The transfer matrix, $$$M$$$, relates the induced current $$$I_{ind}$$$ in an implant to an incident electric field distribution, $$$E_{inc}$$$, on an implant trough, $$$I_{ind}=ME_{inc}$$$. Here $$$M$$$ can be parameterized with an attenuated wave model as $$$M(c_k)$$$ with $$$c_k$$$ being the set of three complex parameters, {$$$\sigma_{eff}$$$,$$$r$$$,$$$k$$$} characterizing the implant⁵. The incident magnetic field can be decomposed in SPherical And CYlindrical (SPACY) harmonics⁶, $$$f_n^m$$$,$$B_{1,inc}^+(\alpha_{mn})\approx\sum_{n=1}^{N}\sum_{m=-n}^{n}\alpha_{mn}f_n^m.$$From $$$B_{1,inc}^+$$$ the incident electric field can be calculated by a 1st order differentiation⁷. The scattered field due to the implant is subsequently calculated from the induced current (Ampere’s law) that is modeled by multiplying the incident E-field with the TM. For implants aligned along the z-axis, the total magnetic field is given by,$$\hspace{-50mm}B_{1,tot}^+(\alpha_{mn},c_k)=B_{1,inc}^+(\alpha_{mn})+B_{1,scatter}^+(\alpha_{mn},c_k)$$$$\hspace{-19mm}=B_{1,inc}^+(\alpha_{mn})+\frac{\mu_0I_{ind}(\alpha_{mn},c_k)\frac{e^{i\theta}}{2}}{2\pi\hspace{0.3mm}r},$$$$\hspace{-4mm}=B_{1,inc}^+(\alpha_{mn})+\frac{\mu_0M(c_k)E_{inc}(\alpha_{mn})\vert_{\vec{r}_{wire}}\frac{e^{i\theta}}{2}}{2\pi\hspace{0.3mm}r},$$$$\hspace{51mm}\approx\sum_{n=1}^{N}\sum_{m=-n}^n\alpha_{mn}f_n^m+\frac{\mu_0M(\alpha_{mn})\frac{1}{\sigma+i\omega\epsilon}(-2i\partial_x-2\partial_y)\alpha_{mn}f_n^m\vert_{\vec{r}_{wire}}\frac{e^{i\theta}}{2}}{2\pi\hspace{0.3mm}r},\hspace{8mm}(1)$$where $$$\theta$$$ is the azimuthal angle around the wire and $$$r$$$ is the distance to the wire. The differentiation provides the incident electric field from incident B$$$^+_1$$$ SPACY expansion.

Methods

A) Numerical simulations (Sim4Life, ZMT,Zurich) were performed to determine $$$M$$$ for a bare copper wire of 20cm in the aorta of the virtual family model Duke. Two independent RF exposures from a high pass birdcage coil at 1.5T (IQ and QI-feed) were used to verify that the TM correctly predicts the current distribution for various incident E-field distributions(these were determined seperately from simulations without an implant). The transfer matrix parameters $$$c_k$$$ were estimated by minimization of⁵,$$\textrm{arg}\min_{c_k\in\mathbb{R}}\|I_{ind}-M(c_k)E_{inc}\|,$$for the IQ-feed simulations. Subsequently, this TM was used to calculate the induced current for QI-feed and compared to the actual current. B) The main drawback of the previously presented method⁵ is the need for matching separate simulations to determine the incident, tangential E-field. Here we present an alternative. We estimate the TM and the incident E-field in a joint minimization approach from a simulated or measured distribution combined with the model of equation 1.$$\hspace{55mm}\textrm{arg}\hspace{-5.3mm}\min_{c_k\in\mathbb{R},\alpha_{mn}\in\mathbb{C}}\|B_{1,meas/sim}^+-B_{1,tot}^+(\alpha_{mn},c_k)\|.\hspace{40mm}(2)$$The parameters $$$c_k$$$ describing the TM of the implant follow from fitting $$$B_{1,meas/sim}$$$. The main advantage of this joint estimation is that no separate simulations or measurements of the incident electric fields are needed.

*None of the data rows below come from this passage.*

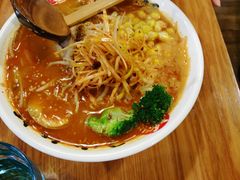 -日出拉面(望京店)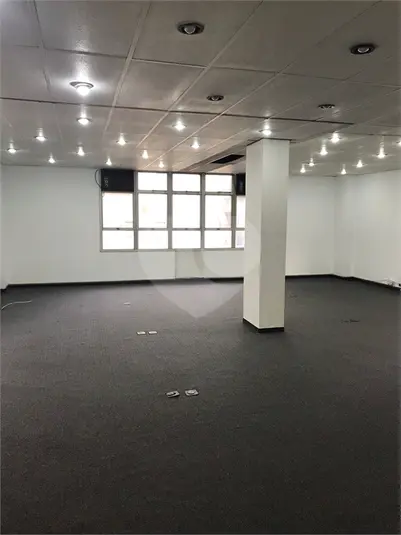 Salas para alugar em Jardim Paulista – SP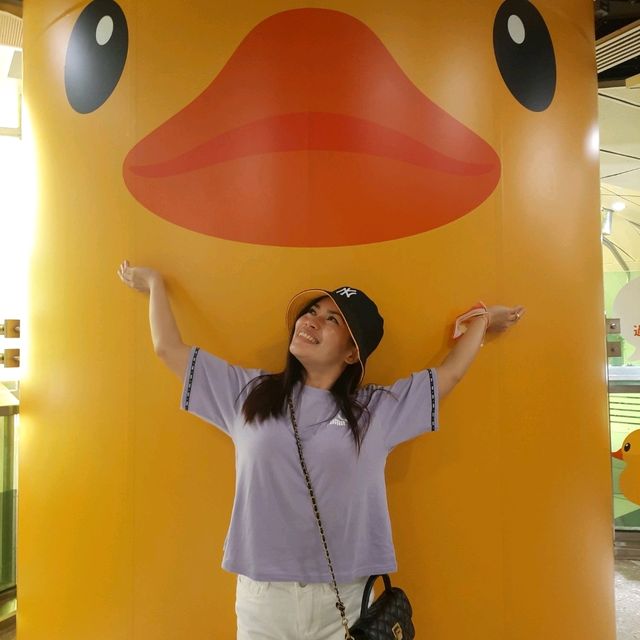 Admiralty MTR Station Exit E
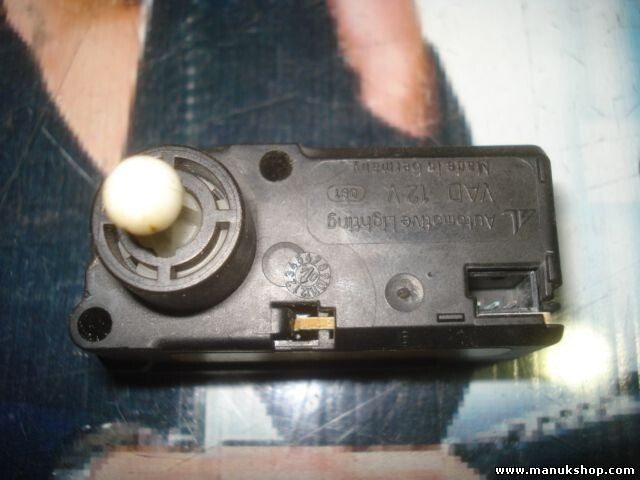 Stellmotor Scheinwerfer LWR Leuchtweitenregulierung Smart ForTwo 0307853303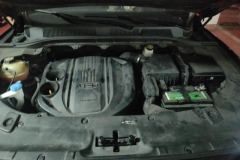 2021 Geely Auto Boyue 2022 BoyueX AT 1.8TD DCTSmart #10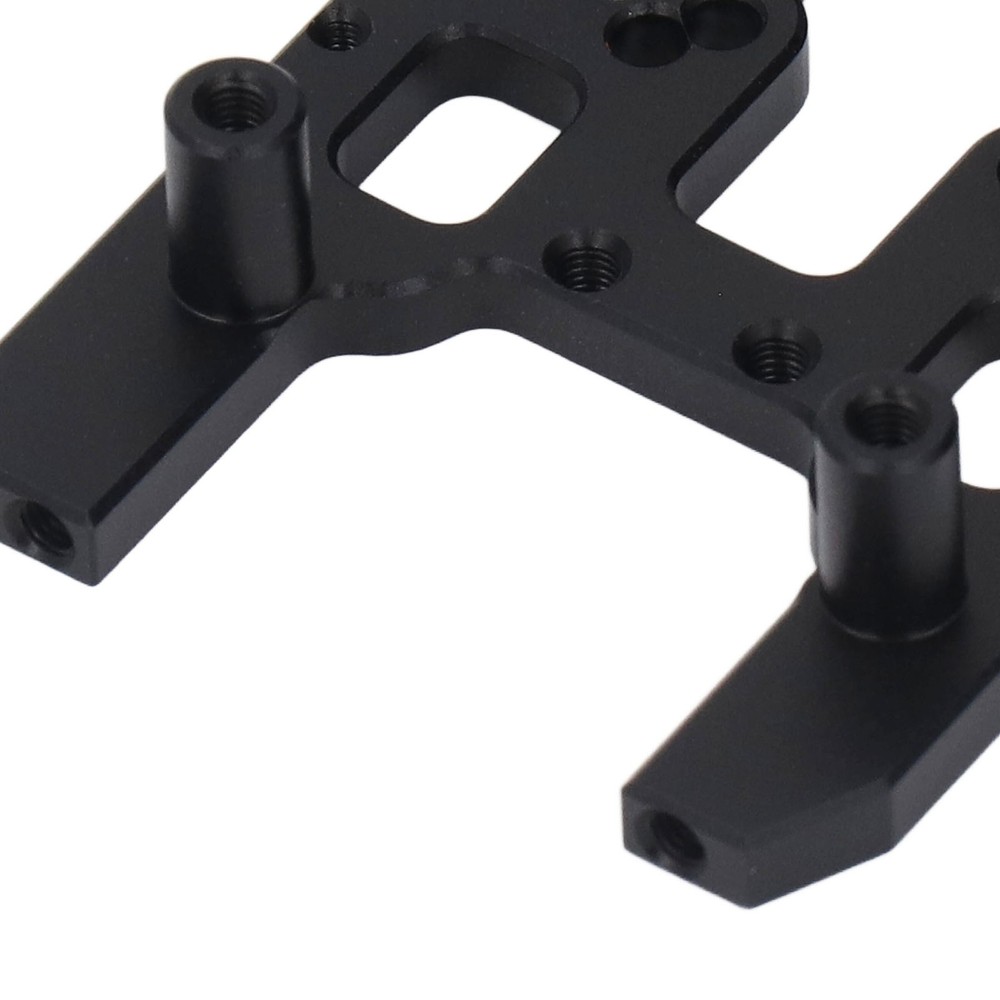 3D Printer CNC Metal Bracket Carriages Metal Rack Replacement For 2.4 New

The distribution was measured with a multi-flip angle⁸ SPGR acquisition on a 1.5T MR system (Ingenia, Philips). The $$$B_1^+\hspace{0.1mm}$$$phase was considered to be half the transceive phase that is acquired with two multi-echo SPGR acquisitions with opposite gradient polarities⁹. Simulations are performed to validate the experiments. The measurement and simulation setup are shown in figure 2.

Results

Figure 1 shows the actual and predicted induced current in the implant. The agreement (Pearson correlation R=0.96) demonstrates that the TM can describe the implant response in a human subject reasonably well.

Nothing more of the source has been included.